前回に引き続き、iDeCo(個人型確定拠出年金)の何で?にお答えしていきます。
今回の「毎月積立するだけで本当に増えるの?」という質問ですが、答えはイエス、ノーどちらも当てはまるでしょう。ですが、きちんと手当をすればイエスになります。
それでは理由について話していきますね。
そもそもiDeCoの始まりは、米国の私的企業年金の一種である確定拠出年金のうち、「内国歳入法」という法律の401条k項の要件を満たした401(k)プランです。これを「日本版401k」としてスタートしました。この日本版401kの目的はあくまで企業側の経営ニーズから、従業員への福利厚生として企業が負担していた退職金給付の運用リスクを、従業員に一部転嫁することにありました。既存の厚生年金基金制度、税制適格退職年金制度などの企業年金の確定給付制度(給付される年金額があらかじめ決まっている年金)はこれまでどおり原則としてありますが、国や企業は並行して日本版401k、現在の企業型確定拠出年金の利用も促してきました。

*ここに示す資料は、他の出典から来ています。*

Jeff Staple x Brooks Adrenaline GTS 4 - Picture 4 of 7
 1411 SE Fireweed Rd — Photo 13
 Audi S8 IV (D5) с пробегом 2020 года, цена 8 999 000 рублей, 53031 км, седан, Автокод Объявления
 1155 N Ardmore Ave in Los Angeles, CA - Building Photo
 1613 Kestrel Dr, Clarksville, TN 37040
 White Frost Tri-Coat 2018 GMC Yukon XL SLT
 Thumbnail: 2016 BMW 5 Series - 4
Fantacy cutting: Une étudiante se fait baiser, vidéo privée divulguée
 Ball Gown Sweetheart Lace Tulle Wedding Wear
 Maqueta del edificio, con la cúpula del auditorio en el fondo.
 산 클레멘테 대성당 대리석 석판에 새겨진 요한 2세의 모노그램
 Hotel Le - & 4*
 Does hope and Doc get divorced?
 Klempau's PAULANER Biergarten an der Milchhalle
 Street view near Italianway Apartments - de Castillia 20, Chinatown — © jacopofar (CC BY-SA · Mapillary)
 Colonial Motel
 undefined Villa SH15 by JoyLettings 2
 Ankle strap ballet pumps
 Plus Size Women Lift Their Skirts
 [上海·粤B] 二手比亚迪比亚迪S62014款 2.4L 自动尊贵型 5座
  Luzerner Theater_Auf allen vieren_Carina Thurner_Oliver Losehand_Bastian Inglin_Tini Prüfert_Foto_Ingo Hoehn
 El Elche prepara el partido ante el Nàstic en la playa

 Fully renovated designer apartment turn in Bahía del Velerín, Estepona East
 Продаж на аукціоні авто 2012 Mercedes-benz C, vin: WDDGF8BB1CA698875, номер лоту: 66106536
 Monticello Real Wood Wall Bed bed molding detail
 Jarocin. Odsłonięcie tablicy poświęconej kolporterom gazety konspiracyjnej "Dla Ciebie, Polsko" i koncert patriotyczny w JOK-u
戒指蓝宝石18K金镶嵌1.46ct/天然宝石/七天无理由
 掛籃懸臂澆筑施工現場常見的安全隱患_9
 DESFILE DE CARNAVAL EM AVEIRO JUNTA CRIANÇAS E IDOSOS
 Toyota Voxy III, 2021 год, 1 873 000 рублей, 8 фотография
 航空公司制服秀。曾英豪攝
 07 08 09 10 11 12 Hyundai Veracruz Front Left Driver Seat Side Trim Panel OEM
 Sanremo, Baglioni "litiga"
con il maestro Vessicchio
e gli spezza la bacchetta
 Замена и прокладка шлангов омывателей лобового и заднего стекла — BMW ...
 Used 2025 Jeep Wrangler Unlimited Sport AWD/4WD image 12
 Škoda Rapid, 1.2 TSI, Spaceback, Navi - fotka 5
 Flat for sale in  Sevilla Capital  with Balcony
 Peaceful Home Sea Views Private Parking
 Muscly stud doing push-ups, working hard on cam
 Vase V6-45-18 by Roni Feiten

日本の低金利政策によって確定給付型が運用難にさらされている状況をみると、従業員が自分で運用する確定拠出年金に移行したことは、結果的に良かったといえます。
ただ、ここで考えてみてください。確定給付年金の制度では企業の責任の元で運用が行われていたものの、実際には、企業は「運用の責任者」に任せていたのです。そう、企業は確定給付年金であっても(企業内の)運用責任者に責任を転嫁できたのです。私が今までのマネー相談室で「初心者の資産運用は、長い間ほったらかして忘れることによって、いつの間にか利益が出るようにするもの」と言ってきましたが、その「運用」は、あくまでプロが運用している商品(投資信託など)を指しているのをご理解ください。
悪い言い方をすれば、iDeCoは国が個人に責任転嫁した商品です。
運用商品の長期積立手法に、定期的に同じ金額ずつ積み立てていく「ドル・コスト平均法」があります。景気の低迷期の後に回復期を迎えたときには大きな効果が出るのですが、低迷期が長く続くと、効果はなかなか表れません。プロの運用責任者であれば、それぞれの運用商品について銘柄などの組み換えをして長期積立の効果を高めようとしますが、iDeCoは「自分でやる」が原則です。商品自体はプロ運用ですが、投資信託などの組み合わせは自己責任です。だからメンテナンスはしなければならないし、やらないと損をすることもあるのです。「何もしなければお金は増えるわけがありません」。それがiDeCoの性格です。